[Image-text web data]
* * *

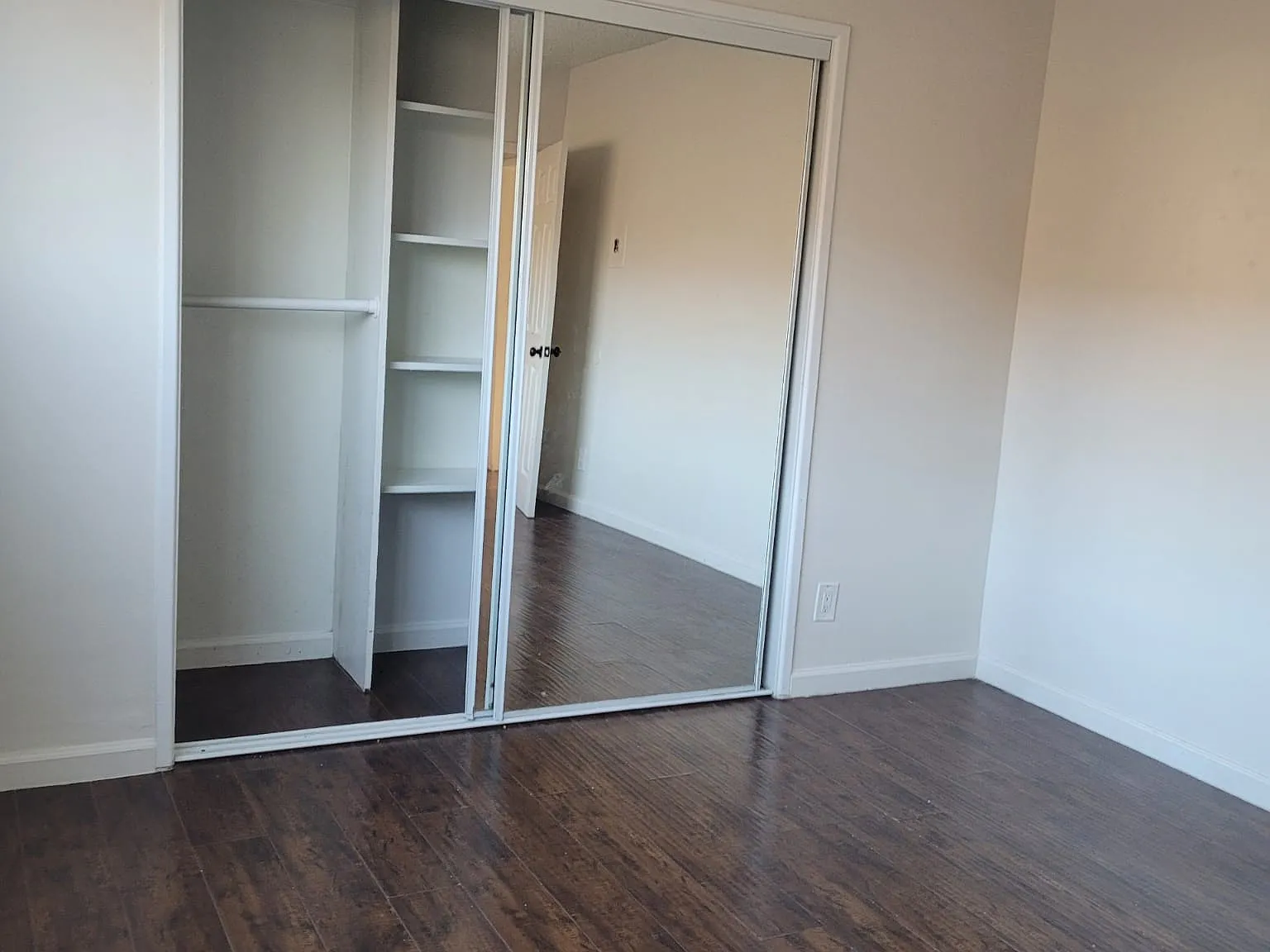 1 bed, 650 sqft, $1,750 — Photo 2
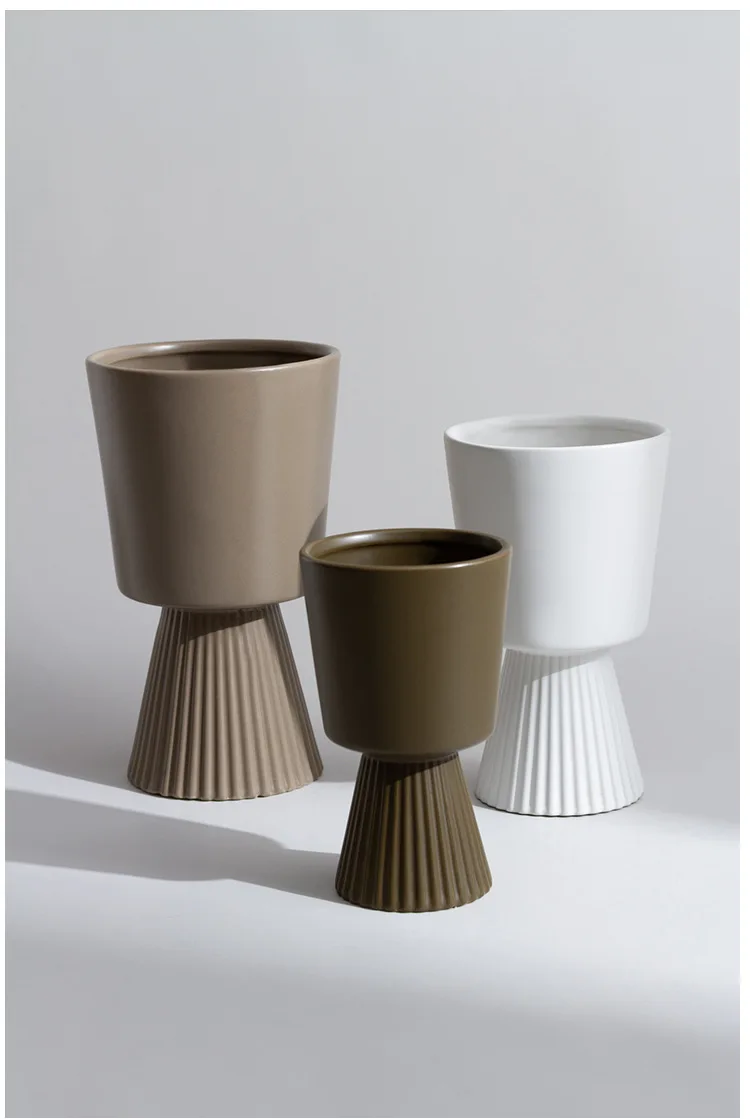 Modern tall ceramic pot personality brown green department designer green flower device desktop home pot
Modern tall ceramic pot personality brown green department designer green flower device desktop home pot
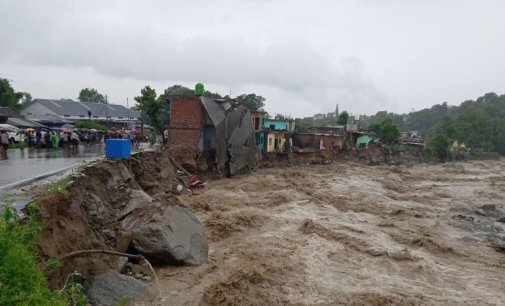 Heavy rain lashes Dharamsala, causes flash flood-like situation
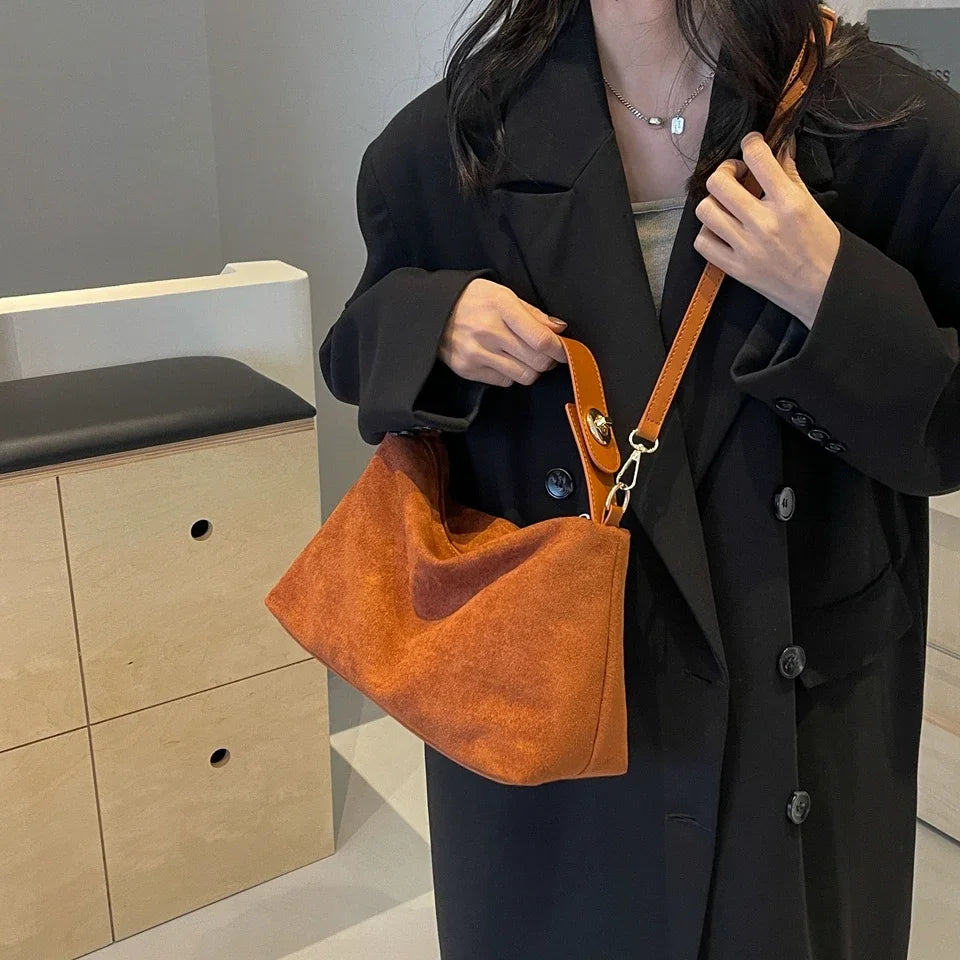 Schoudertas Dames - Zachte Hobbo Bag met Gouden Rits | Chique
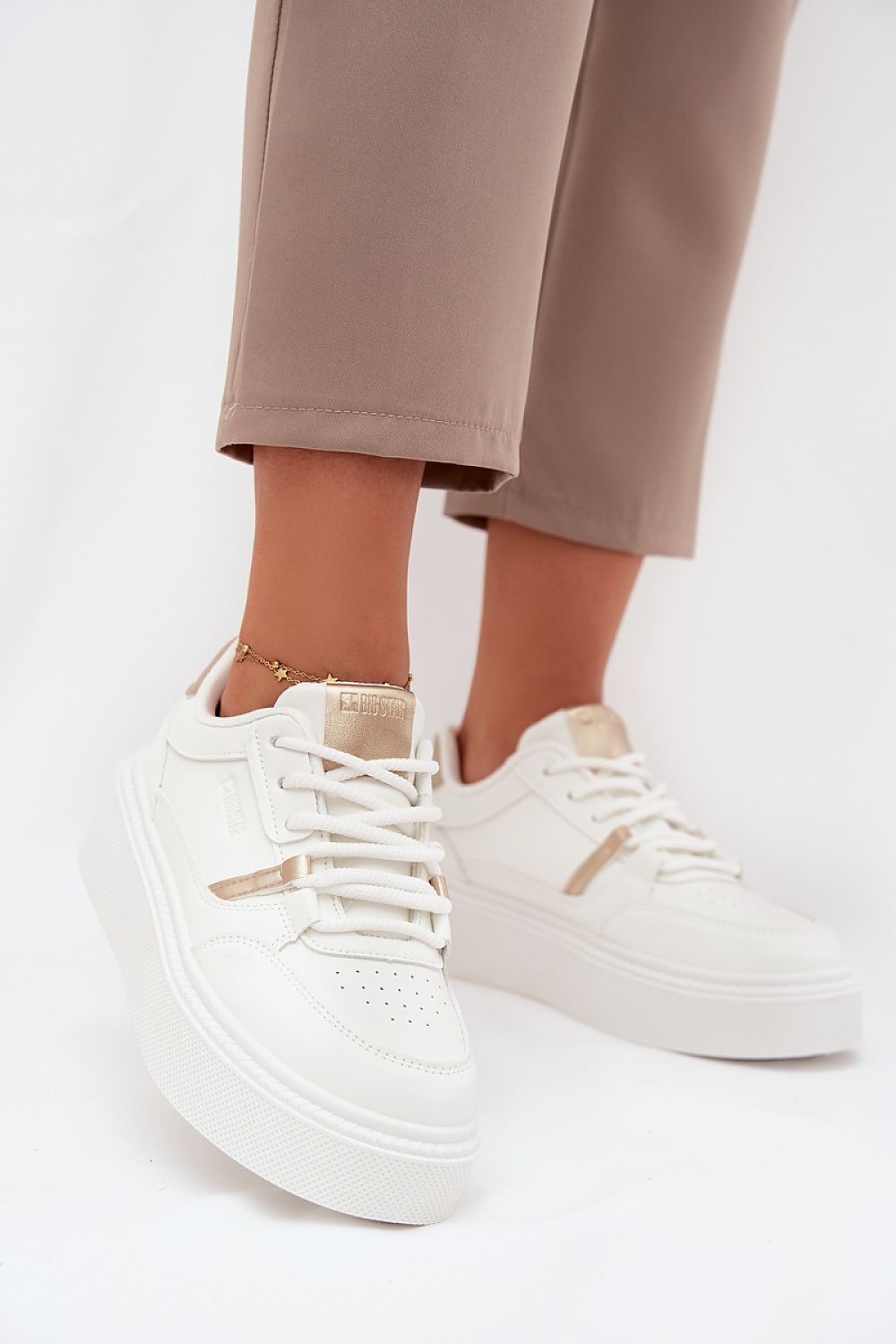   Buty Sportowe Model Big Star SS274359 White - Step in style 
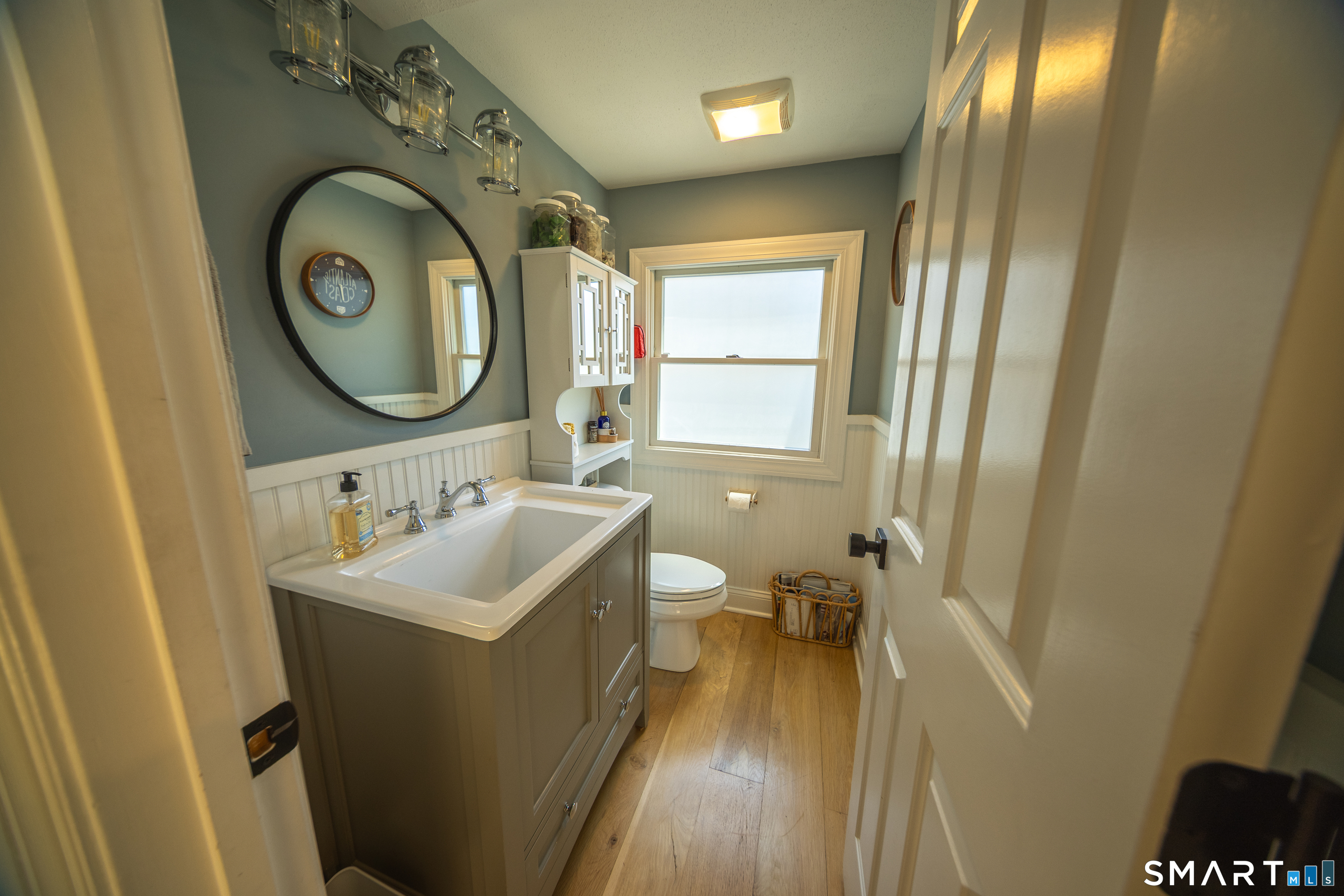 18 Waverly Road Branford CT 06405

* * *

**Problem description**
Once the line containing "Buty Sportowe Model" is found, write out exactly that line and each line after it through the end of the entries, omitting pictures.

**Result of the task**
   Buty Sportowe Model Big Star SS274359 White - Step in style 
 18 Waverly Road Branford CT 06405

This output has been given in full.